Maryboy tried later to put the item back on the agenda but was ruled out of order, the paper reported

Aneth Chapter members had demanded Morgan issue a public apology, following the bathroom scuffle, during one of Aneth's monthly chapter meetings in Utah. Speaker Morgan ignored the Aneth meeting, overall never presenting himself.

[edit] Utah Navajo Oil

In 1933, Congress created the Utah Navajo Trust Fund. It is unique in that the state was deemed the trustee-delegate for oil pumped from Navajo land.

According to the law, 37.5 percent of royalties are supposed to go to Utah Navajos.
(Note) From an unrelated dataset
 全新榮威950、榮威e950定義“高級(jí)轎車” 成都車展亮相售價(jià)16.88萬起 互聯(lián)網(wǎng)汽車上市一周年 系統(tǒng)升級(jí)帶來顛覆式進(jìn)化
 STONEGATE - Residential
But a 1991 report from the state found gross mismanagement. Some people were later indicted for misusing the trust fund

Navajos living in nearby San Juan County in southeastern Utah have long protested the saturation of oil and gas wells around their homes. Mark and other Utah Navajos have long argued that the Navajo Nation returns little profit to Navajos living in desperate conditions in the Utah portion of tribal land.

Utah Navajo allegations of corruption within the U.S. Interior gained support from an Interior whistleblower in 2003.

[edit] Aneth Oil Crisis

In 1997, local residents began the Aneth Oil Protest against Exxon-Mobil's Utah Navajo community policies. Protesters from the Aneth Chapter blocked the main ExxonMobil Corp. Office for 3 days at the McElmo Oil Plant near Aneth, Utah.
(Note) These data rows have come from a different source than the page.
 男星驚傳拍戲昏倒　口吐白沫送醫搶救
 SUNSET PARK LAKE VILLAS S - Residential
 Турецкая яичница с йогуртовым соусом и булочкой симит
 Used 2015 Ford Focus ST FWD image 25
From the start, the protest was made up of local Navajo people who were becoming increasingly angry at Exxon-Mobil's stance towards the environment and its hiring practices within the local communities. Many other national political activist organizations such as the American Indian Movement wanted to get involved with the protest. However, it was agreed to not include outside affliates, which might result in losing the original meaning and message of the protest[1] .

Former Navajo Nation president Albert Hale was also mobilized to the northernmost corner of the Navajo Nation where the protest was initiated. Mark, along with members of the Aneth Community, helped create a new standard for the Navajo workers working in the Aneth Oil area as well as the hiring process.

[edit] Life after politics

Heeding his father's wishes, he did not seek a fifth term on the council.

Maryboy established Utah Navajo Health Systems in 1999 along with Donna Singer. Then he ramrodded tribal legislation that allows the agency to keep its profits, rather than return them to Window Rock. This remains a legacy for the policies Maryboy left.